Do not require a "magic word." An employee does not need to say "I need an ADA accommodation" — any reasonably clear request connecting a medical condition to a workplace difficulty should trigger this process.
Roles and responsibilities
| Role | Responsibility |
|---|---|
| Employee/applicant | Provides information about the limitation and, where requested, supporting medical documentation; participates in good faith in identifying possible accommodations. |
| Manager/local leadership | Identifies the essential functions of the role; participates in the interactive discussion; implements the accommodation once approved. |
| Human Resources | Owns and documents the interactive process; consults with the accommodations/ADA committee on close calls; tracks requests and outcomes. |
| Accommodations review committee (or equivalent central HR function) | Reviews denials before they are finalized; maintains consistency across locations; advises on complex cases. |
Procedure
- Identify the essential functions of the job. Review the current job description and, if needed, a job-analysis worksheet describing physical/cognitive demands, to separate essential functions from marginal ones. An employee's inability to perform a marginal function is not a valid basis for an adverse employment decision.
- Confirm the person is otherwise qualified. Determine whether the individual meets the job's legitimate prerequisites (education, licensure, experience, skills) independent of the disability.
- Open the interactive process. Have the employee (and, if relevant, their healthcare provider) complete an accommodation request describing the limitation and any suggested accommodation.

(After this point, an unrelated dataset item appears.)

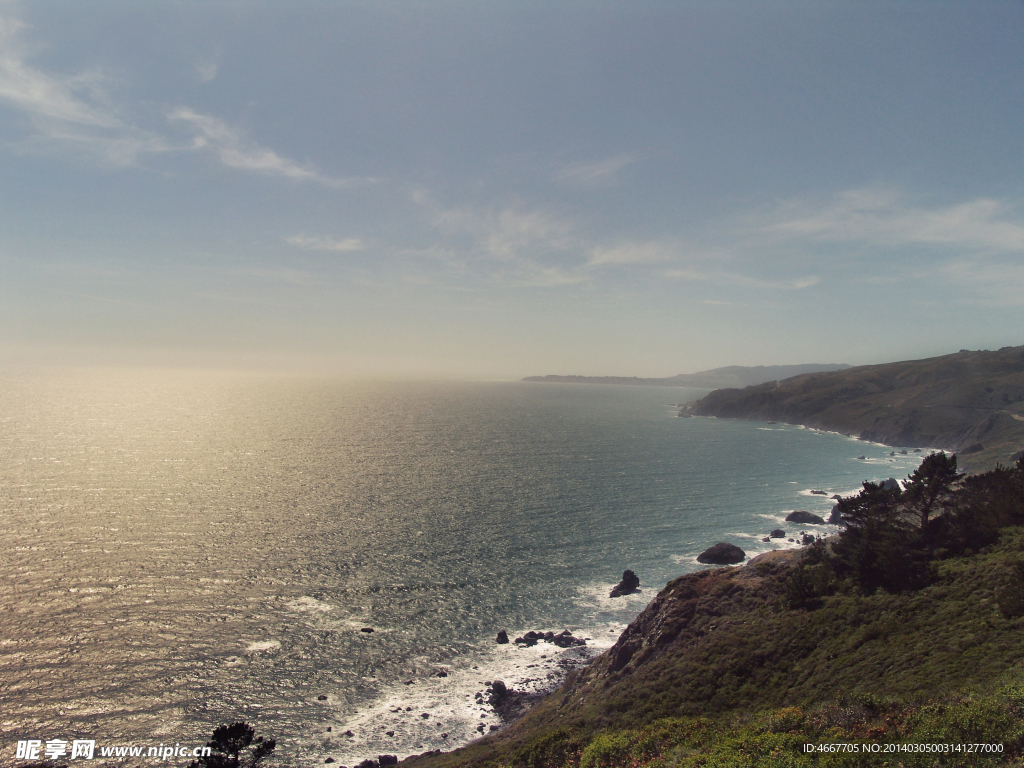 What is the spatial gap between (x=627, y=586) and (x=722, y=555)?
18120 mm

Medical documentation requests should be limited to what is needed to confirm the disability and understand the functional limitation — not a general medical history.
- Identify potential accommodations. Common categories include:
- Physical/facility modifications or accessible equipment
- Job restructuring (reallocating non-essential tasks)

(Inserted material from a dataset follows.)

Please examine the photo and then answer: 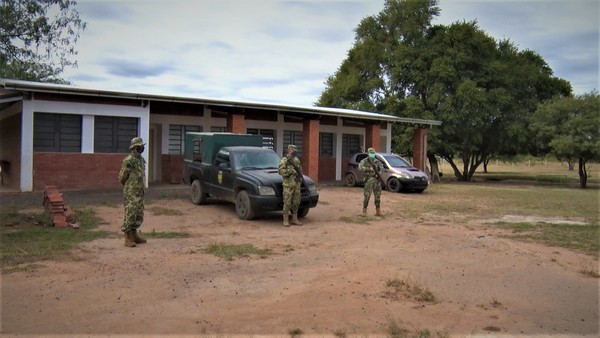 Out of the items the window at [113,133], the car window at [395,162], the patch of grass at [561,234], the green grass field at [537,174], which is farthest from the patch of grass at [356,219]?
the green grass field at [537,174]

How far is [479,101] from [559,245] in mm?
19971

- Modified or part-time work schedules
- Reassignment to a vacant, equivalent position
- Assistive technology or equipment
- Modified policies, training materials, or testing format
- Qualified interpreters or readers
- Leave for treatment or recovery
- Accessible/reserved parking
- Assess reasonableness and undue hardship. For each potential accommodation, consider effectiveness, cost, timeliness of implementation, impact on the work environment, and available resources. The employee is not entitled to their preferred accommodation — only to an effective one.
- Decide.
- If granting: implement the accommodation, document it, and set a follow-up check-in to confirm it is working.
- If denying (in whole or part): route the case to the accommodations review committee/central HR for a pre-decision review before finalizing the denial.

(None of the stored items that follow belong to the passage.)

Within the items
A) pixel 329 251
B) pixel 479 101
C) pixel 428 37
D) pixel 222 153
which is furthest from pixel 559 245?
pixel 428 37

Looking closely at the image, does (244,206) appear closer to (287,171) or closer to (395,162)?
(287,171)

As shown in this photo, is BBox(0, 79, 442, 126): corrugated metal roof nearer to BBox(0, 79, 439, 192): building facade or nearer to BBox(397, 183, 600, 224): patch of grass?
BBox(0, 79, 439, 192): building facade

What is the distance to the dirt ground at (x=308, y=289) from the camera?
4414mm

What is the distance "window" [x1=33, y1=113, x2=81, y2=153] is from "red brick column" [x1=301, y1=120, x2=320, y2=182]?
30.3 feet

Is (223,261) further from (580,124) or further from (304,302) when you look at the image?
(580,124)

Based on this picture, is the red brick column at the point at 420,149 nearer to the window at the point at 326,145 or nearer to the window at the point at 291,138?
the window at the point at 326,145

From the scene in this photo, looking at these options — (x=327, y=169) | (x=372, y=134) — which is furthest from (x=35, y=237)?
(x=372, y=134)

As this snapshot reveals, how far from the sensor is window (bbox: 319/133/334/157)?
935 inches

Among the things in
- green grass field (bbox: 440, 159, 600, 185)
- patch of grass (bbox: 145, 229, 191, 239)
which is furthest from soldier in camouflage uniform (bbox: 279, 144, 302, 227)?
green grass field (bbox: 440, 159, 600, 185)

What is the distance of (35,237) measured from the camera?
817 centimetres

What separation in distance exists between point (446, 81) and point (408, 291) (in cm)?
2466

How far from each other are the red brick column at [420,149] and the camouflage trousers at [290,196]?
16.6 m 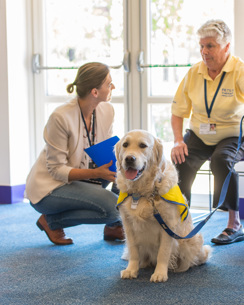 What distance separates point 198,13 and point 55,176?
7.13 ft

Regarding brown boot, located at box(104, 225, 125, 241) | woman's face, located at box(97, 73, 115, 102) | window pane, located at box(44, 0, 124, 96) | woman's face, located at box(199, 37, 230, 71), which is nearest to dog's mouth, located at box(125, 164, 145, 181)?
woman's face, located at box(97, 73, 115, 102)

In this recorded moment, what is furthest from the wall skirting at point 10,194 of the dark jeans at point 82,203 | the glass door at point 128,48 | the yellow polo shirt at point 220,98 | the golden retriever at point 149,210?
the golden retriever at point 149,210

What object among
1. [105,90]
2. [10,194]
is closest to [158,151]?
[105,90]

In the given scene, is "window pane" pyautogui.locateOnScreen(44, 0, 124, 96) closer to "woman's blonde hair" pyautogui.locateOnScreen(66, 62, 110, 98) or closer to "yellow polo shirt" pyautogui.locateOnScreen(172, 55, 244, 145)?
"yellow polo shirt" pyautogui.locateOnScreen(172, 55, 244, 145)

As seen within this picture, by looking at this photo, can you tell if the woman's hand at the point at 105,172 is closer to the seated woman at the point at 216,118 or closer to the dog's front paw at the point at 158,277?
the seated woman at the point at 216,118

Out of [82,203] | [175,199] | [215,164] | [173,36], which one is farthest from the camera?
[173,36]

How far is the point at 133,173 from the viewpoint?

- If the denial is confirmed: document the reasoning, communicate the decision (and the reasoning, at an appropriate level of detail) to the employee, and inform them of how to request reconsideration through Human Resources leadership.
- If implementing: document the accommodation, retain the documentation with Human Resources (separate from the general personnel file, consistent with medical confidentiality requirements), and follow up periodically to confirm it remains effective as circumstances change.
Confidentiality
Medical information gathered in this process is confidential and must be stored separately from the employee's general personnel file, with access limited to those with a legitimate need to know.
Common pitfalls to avoid
- Assuming a disability is not "real" because it is not visible.
- Focusing on whether the employee can do 100% of listed duties rather than the essential functions.
- Treating a request for reconsideration as insubordination.
- Denying a request without a documented undue-hardship analysis and central-HR review.
- Letting the interactive process stall — delay itself can be treated as a failure to accommodate.
General information, not legal advice. Treat this as a drafting starting point, not a finished policy — employment law varies by jurisdiction and changes often, so have a licensed attorney tailor it to your situation before you rely on it.